━━━━━ Excerpted data
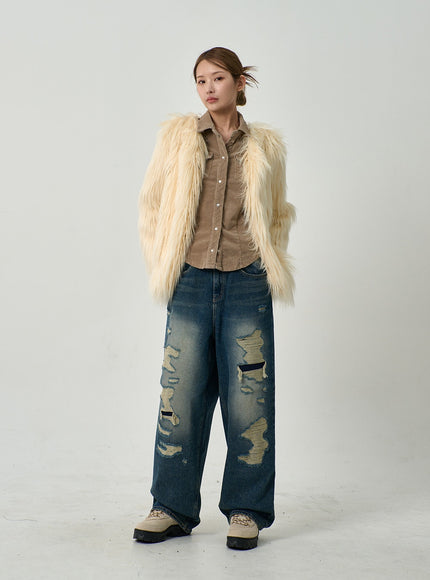 男女通用破洞寬牛仔褲 CD14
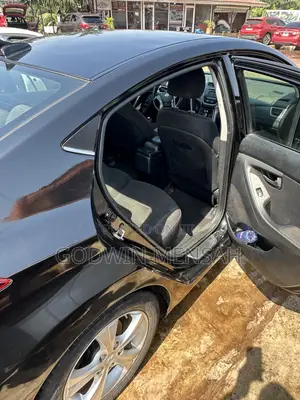 Hyundai Elantra 2016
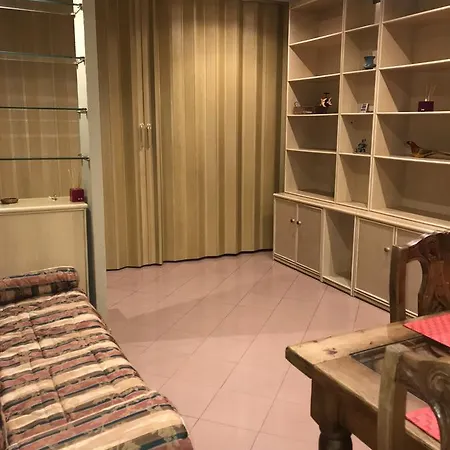 A. Andalusi. Apartman *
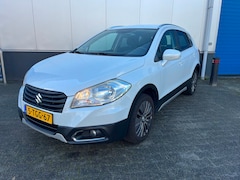 Suzuki SX4 S-Cross - 1.6 120pk Exclusive / Cruise control / Trekhaak / Stoelverw. / Hoge zit / Scheur rechts in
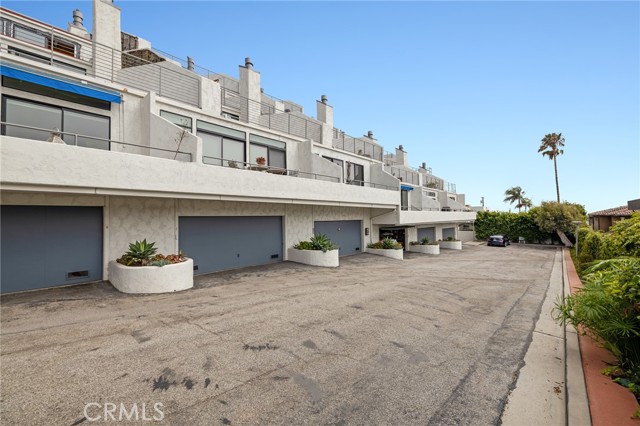 736 Gould Avenue, Hermosa Beach, California 90254, 3 Bedrooms Bedrooms, ,3 BathroomsBathrooms,Residential,Sold,Gould,SB24182647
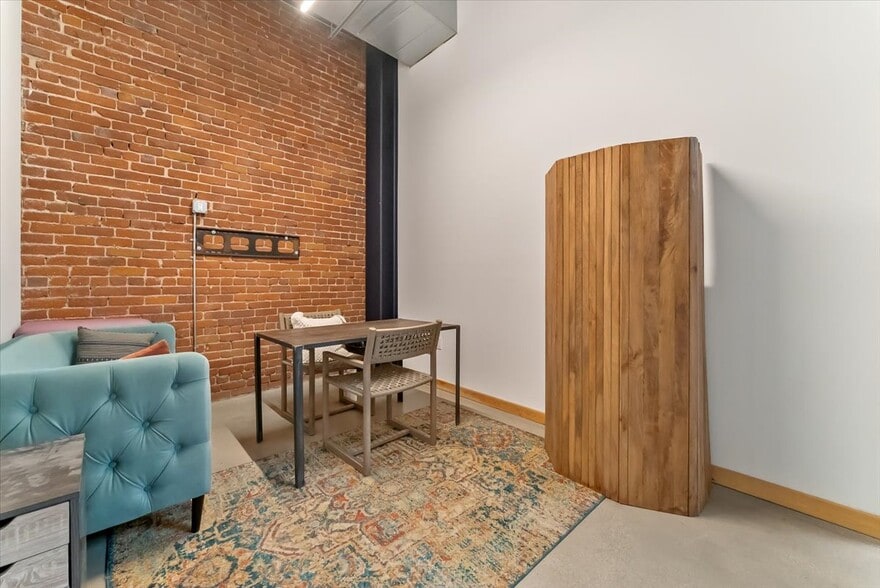 More Photos Of 308-312 S Alameda St, Los Angeles Office For Lease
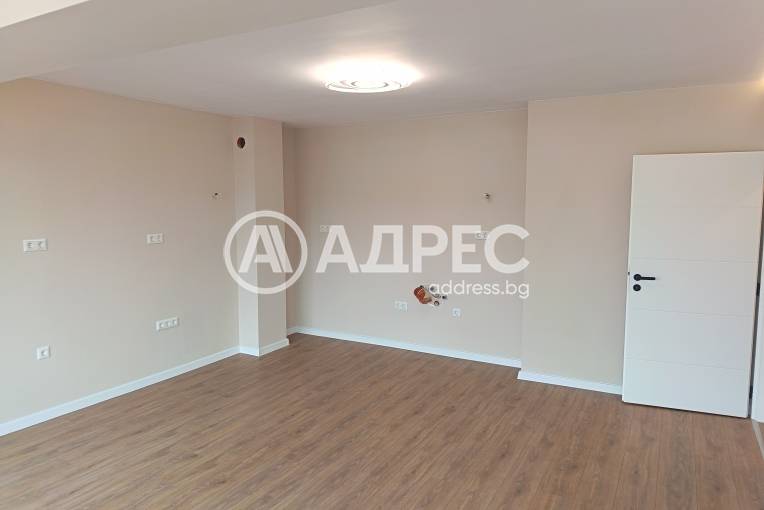 Многостаен апартамент, Варна, Генералите, 702189, Снимка 2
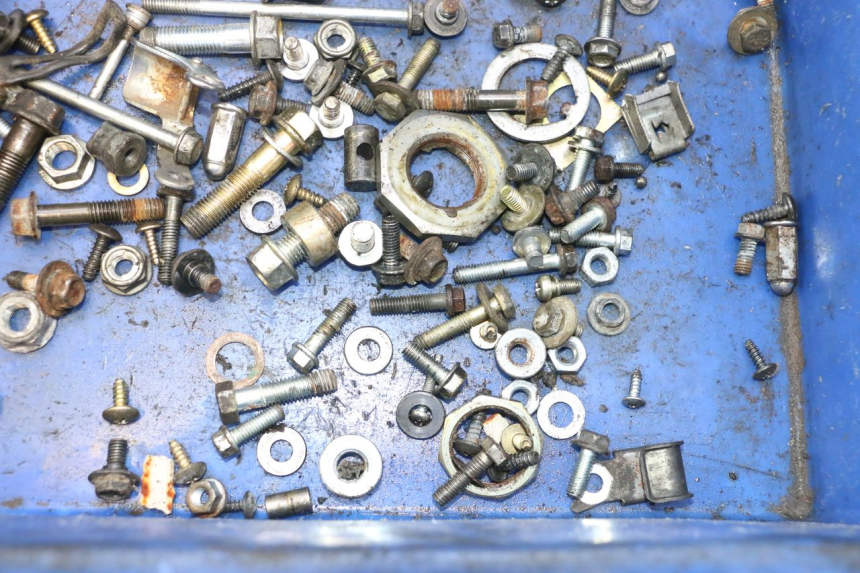 photo de SAC VISSERIE VIS HONDA SCV LEAD 100 (2003 - 2007) - Gros plan technique
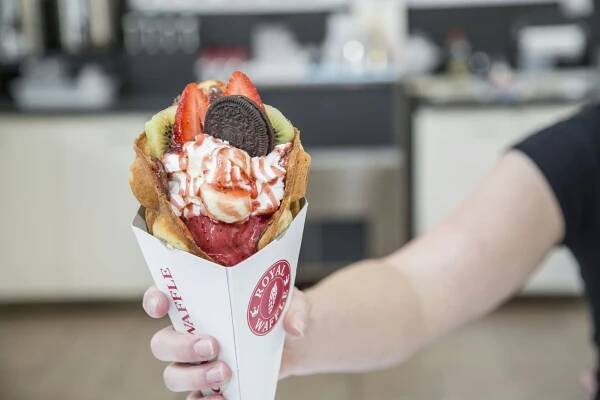 Nadupaná Royal Waffle v kornoutu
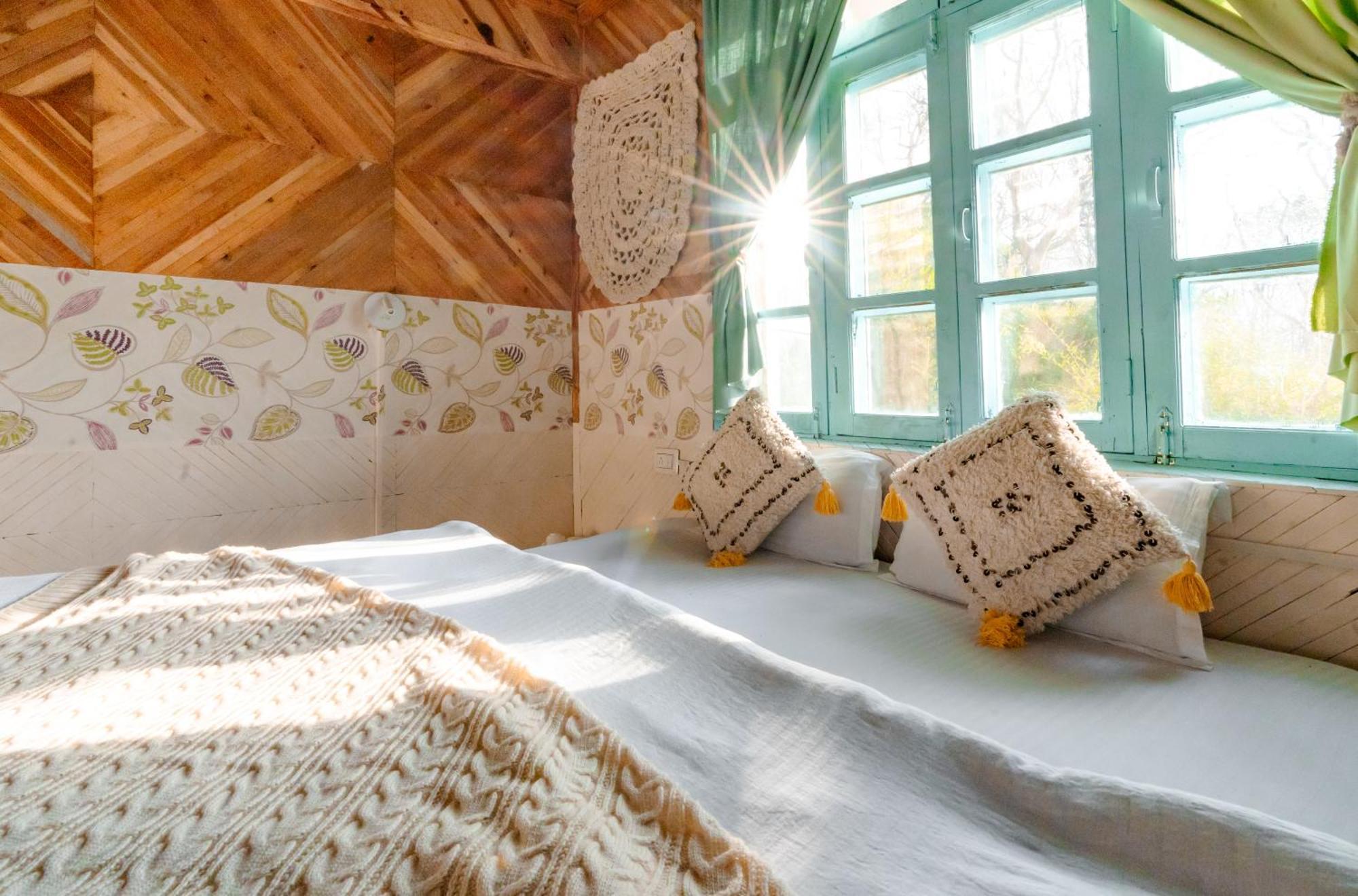 Firgun Chapter Shoja Hostel Екстериор снимка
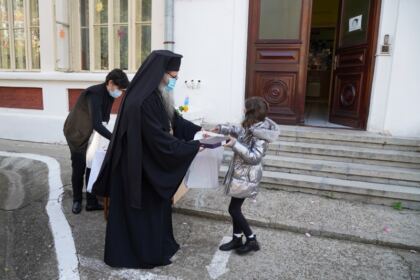 Mănăstirea „Sfinţii Arhangheli Mihail şi Gavriil“ – Metoc din Galaţi a oferit dispozitive electronice elevilor nevoiaşi – fotografia 12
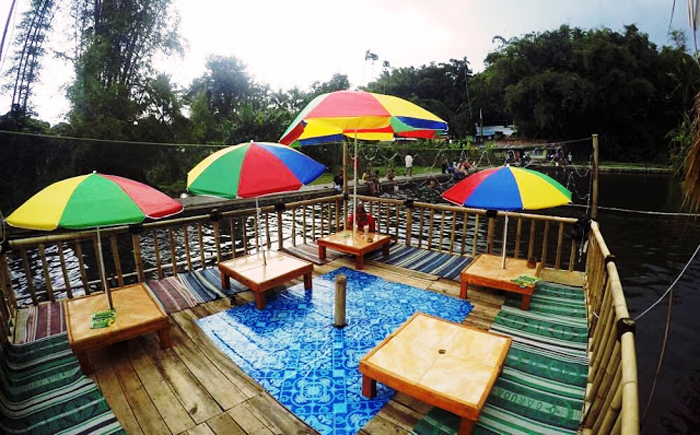 Warung Apung Kendedes di Singosari (C) KANALMALANG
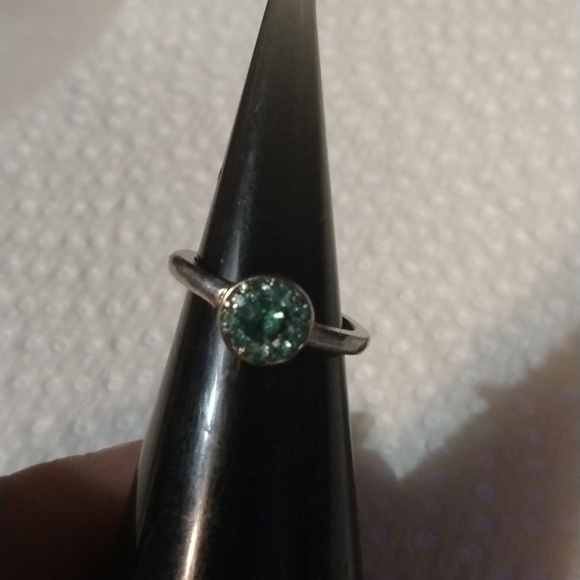 Vintage little girls ring silver tone with blue/green stones (sku 1074) - Picture 5 of 5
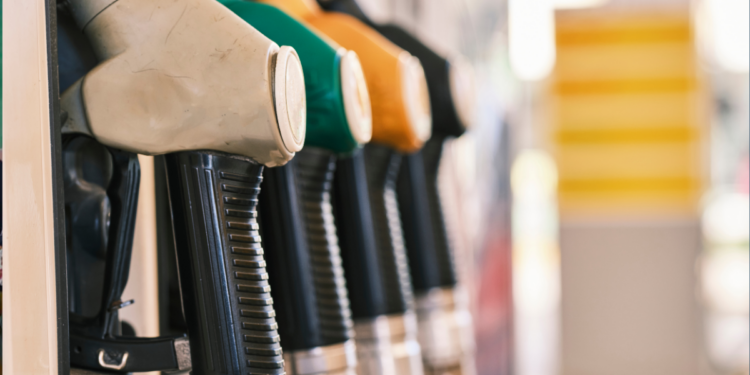 União oferece compensação a estados para reduzir imposto sobre diesel e evitar crise no abastecimento.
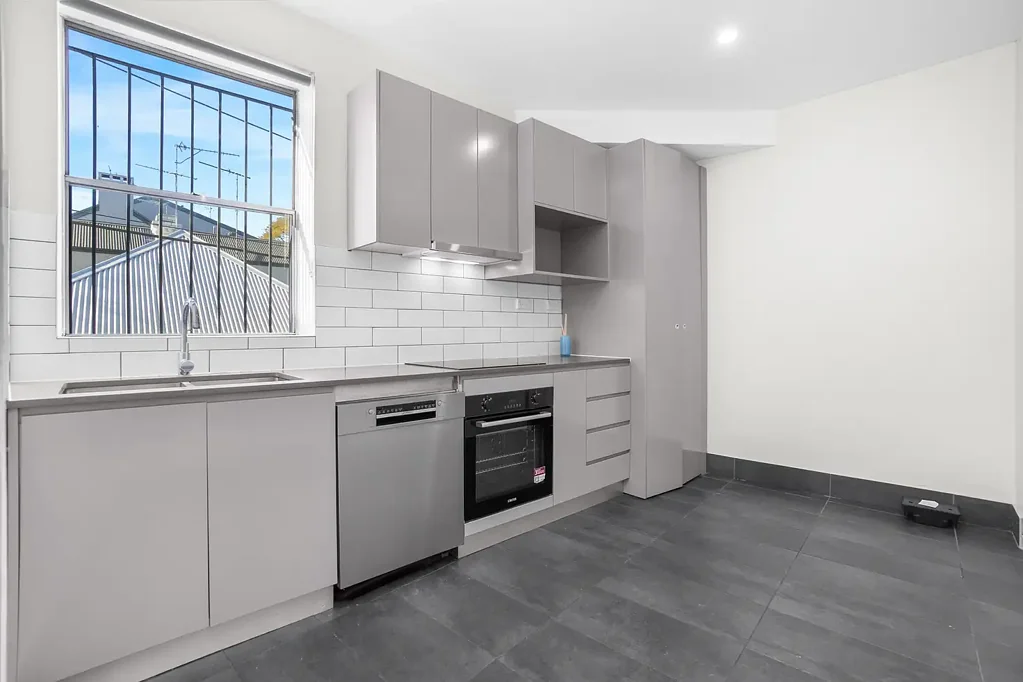 Conveniently located two bedroom apartment in the heart of Zetland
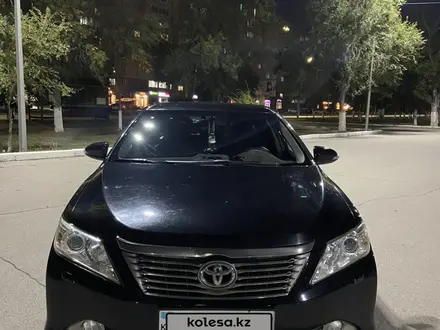 Toyota Camry 2013 года за 10 000 000 тг. в Караганда – фото 2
━━━━━━━━━━
### [About this task]
Return all of the material above unchanged, minus its pictures.

### [Written response]
 男女通用破洞寬牛仔褲 CD14
 Hyundai Elantra 2016
 A. Andalusi. Apartman *
 Suzuki SX4 S-Cross - 1.6 120pk Exclusive / Cruise control / Trekhaak / Stoelverw. / Hoge zit / Scheur rechts in
 736 Gould Avenue, Hermosa Beach, California 90254, 3 Bedrooms Bedrooms, ,3 BathroomsBathrooms,Residential,Sold,Gould,SB24182647
 More Photos Of 308-312 S Alameda St, Los Angeles Office For Lease
 Многостаен апартамент, Варна, Генералите, 702189, Снимка 2
 photo de SAC VISSERIE VIS HONDA SCV LEAD 100 (2003 - 2007) - Gros plan technique
 Nadupaná Royal Waffle v kornoutu
 Firgun Chapter Shoja Hostel Екстериор снимка
 Mănăstirea „Sfinţii Arhangheli Mihail şi Gavriil“ – Metoc din Galaţi a oferit dispozitive electronice elevilor nevoiaşi – fotografia 12
 Warung Apung Kendedes di Singosari (C) KANALMALANG
 Vintage little girls ring silver tone with blue/green stones (sku 1074) - Picture 5 of 5
 União oferece compensação a estados para reduzir imposto sobre diesel e evitar crise no abastecimento.
 Conveniently located two bedroom apartment in the heart of Zetland
 Toyota Camry 2013 года за 10 000 000 тг. в Караганда – фото 2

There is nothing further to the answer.